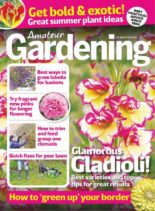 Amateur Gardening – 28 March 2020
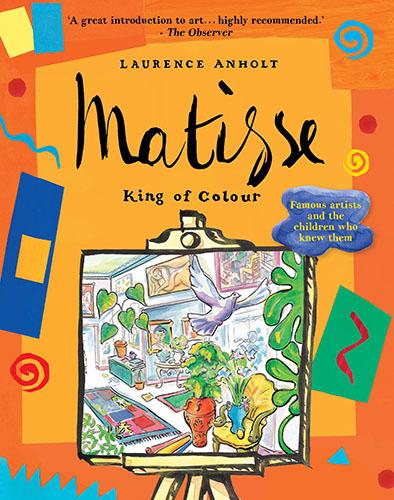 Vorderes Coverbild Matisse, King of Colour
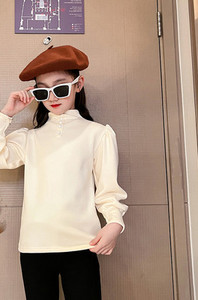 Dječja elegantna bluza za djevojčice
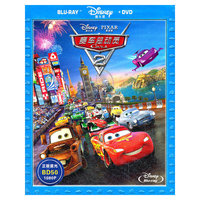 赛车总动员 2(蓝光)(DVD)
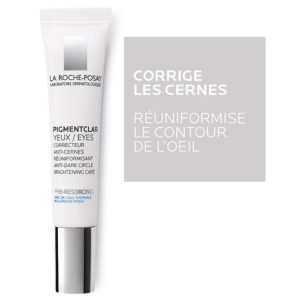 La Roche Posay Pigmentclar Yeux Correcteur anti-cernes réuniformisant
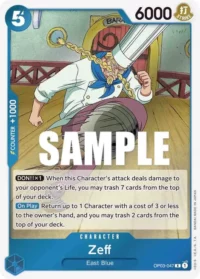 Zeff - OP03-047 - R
※ ※ ※
Exact copy required, pictures excluded: the lines from the one holding "赛车总动员 2(蓝光)(DVD)" through the last line of the data, both ends included.

 赛车总动员 2(蓝光)(DVD)
 La Roche Posay Pigmentclar Yeux Correcteur anti-cernes réuniformisant
 Zeff - OP03-047 - R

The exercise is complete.